Taddeo di Bartolo and Stefano di Giovanni di Consolo, called Sassetta (ca.1392-1450 or 1451), are the most outstanding, together with the anonymous master who has come to be called Maestro dell ‘Osservanza a name taken from one of his works (dated 1436), and finally a painter who stood out for his intense poetry, Giovanni di Paolo. The so-called Sassetta died in 1450 or 1451 from pneumonia contracted while painting an Assumption of the Virgin at the top of the Porta Romana of Siena. This work was destroyed during World War II; but instead it have been conserved, though dismembered among three different museums, the paintings on wood of his masterpiece: the altarpiece of St. Francis for the church of Borgo San Sepolcro. This work shows that Sassetta, without abandoning the Gothic linearism of Simone Martini, assimilated the rational sense of space and the new forms brought by the Florentines. This allowed him to express with great imaginative freshness and with a special charm the colored spectacle of the world that in art characterizes the painters known as “primitives”.
Less artistic personality, but an undeniable appeal, is shown in the works of the last two Sienese artists that we must mention here: Matteo di Giovanni and Sano di Pietro. Di Pietro was a fervent follower of St. Bernardino of Siena, whose figure often reproduced alongside that of the Madonna as well as scenes of him preaching. He had a quiet existence in Siena and died in 1481.
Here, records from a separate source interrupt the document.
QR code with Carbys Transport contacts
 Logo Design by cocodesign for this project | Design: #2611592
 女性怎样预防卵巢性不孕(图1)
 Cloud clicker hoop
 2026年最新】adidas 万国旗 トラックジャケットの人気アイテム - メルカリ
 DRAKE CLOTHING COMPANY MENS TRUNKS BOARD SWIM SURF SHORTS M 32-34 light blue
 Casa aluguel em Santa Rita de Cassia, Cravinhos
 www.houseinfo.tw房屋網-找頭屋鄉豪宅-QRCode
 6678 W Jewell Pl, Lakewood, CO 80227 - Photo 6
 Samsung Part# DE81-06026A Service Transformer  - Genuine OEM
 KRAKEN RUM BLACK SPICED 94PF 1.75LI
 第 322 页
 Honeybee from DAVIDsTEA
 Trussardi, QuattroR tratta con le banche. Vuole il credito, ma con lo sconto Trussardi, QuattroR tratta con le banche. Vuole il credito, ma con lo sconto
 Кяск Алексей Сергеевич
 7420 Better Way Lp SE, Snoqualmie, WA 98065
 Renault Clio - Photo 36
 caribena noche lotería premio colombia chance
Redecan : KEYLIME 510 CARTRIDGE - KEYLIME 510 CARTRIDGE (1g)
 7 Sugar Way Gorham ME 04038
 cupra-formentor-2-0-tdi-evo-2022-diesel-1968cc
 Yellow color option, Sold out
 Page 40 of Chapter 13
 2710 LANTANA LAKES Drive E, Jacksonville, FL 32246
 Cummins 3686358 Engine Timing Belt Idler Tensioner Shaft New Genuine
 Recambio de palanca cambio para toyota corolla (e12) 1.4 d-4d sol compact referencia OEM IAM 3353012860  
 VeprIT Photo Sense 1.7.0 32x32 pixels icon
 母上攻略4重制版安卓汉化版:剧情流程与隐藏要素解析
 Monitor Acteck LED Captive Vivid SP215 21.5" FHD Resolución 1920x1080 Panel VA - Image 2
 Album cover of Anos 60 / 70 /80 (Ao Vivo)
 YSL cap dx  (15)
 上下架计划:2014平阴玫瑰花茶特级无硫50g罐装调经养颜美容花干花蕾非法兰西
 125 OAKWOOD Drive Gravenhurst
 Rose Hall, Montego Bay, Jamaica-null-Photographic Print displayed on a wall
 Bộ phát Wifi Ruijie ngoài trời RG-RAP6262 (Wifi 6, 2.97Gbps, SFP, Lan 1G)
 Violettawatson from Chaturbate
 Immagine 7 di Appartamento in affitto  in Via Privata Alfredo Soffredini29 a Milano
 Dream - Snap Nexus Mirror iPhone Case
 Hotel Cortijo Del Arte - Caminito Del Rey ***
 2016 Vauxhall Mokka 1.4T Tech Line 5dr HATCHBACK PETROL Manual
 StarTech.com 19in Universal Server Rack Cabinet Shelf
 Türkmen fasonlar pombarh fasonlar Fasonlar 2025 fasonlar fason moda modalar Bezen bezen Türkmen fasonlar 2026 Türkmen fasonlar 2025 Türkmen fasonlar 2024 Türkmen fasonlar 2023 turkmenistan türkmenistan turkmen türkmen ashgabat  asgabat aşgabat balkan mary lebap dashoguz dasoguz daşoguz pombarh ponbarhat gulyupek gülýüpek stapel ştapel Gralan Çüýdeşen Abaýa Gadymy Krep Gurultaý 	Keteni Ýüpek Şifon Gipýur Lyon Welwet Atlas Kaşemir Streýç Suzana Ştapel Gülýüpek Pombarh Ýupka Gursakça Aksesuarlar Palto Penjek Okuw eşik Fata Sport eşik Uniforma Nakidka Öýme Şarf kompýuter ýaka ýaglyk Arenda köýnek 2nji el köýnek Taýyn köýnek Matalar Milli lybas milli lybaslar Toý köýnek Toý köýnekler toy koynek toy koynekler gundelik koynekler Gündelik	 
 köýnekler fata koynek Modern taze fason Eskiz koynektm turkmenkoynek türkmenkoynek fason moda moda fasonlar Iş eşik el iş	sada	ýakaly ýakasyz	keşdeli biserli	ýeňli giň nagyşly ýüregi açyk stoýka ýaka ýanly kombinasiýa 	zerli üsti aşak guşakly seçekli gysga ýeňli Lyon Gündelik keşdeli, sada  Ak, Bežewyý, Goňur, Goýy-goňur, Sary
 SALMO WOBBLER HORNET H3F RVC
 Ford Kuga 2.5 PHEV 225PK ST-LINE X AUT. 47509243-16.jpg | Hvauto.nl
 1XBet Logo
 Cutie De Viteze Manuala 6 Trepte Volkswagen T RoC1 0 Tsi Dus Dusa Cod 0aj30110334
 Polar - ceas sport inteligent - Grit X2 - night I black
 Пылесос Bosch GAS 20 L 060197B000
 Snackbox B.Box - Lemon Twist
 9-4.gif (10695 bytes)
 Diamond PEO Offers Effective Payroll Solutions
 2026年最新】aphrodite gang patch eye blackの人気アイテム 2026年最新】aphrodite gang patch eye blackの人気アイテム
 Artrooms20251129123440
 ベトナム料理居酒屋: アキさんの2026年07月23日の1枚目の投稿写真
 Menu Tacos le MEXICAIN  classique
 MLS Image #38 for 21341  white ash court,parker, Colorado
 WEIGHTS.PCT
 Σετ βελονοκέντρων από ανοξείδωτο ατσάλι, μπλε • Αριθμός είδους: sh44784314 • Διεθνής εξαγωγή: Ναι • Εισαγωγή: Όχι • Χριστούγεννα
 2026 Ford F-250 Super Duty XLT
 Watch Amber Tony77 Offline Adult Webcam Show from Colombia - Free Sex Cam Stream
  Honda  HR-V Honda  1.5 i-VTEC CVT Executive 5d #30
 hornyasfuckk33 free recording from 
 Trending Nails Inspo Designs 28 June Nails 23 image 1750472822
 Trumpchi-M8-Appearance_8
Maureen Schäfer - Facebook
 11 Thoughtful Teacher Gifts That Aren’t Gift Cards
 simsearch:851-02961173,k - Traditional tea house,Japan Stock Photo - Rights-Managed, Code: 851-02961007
Linear perspective: A system of creating an illusion of depth on a flat surface. All parallel lines (orthogonals) in a painting or drawing using this system converge in a single vanishing point on the composition’s horizon line. Linear perspective is thought to have been devised about 1415 by Italian Renaissance architect Filippo Brunelleschi and later documented by architect and writer Leon Battista Alberti in 1435 (Della Pittura). Linear perspective was likely evident to artists and architects in the ancient Greek and Roman periods, but no records exist from that time, and the practice was thus lost until the 15th century. The three components essential to the linear perspective system are orthogonals (parallel lines), the horizon line, and a vanishing point. So as to appear farther from the viewer, objects in the compositions are rendered increasingly smaller as they near the vanishing point.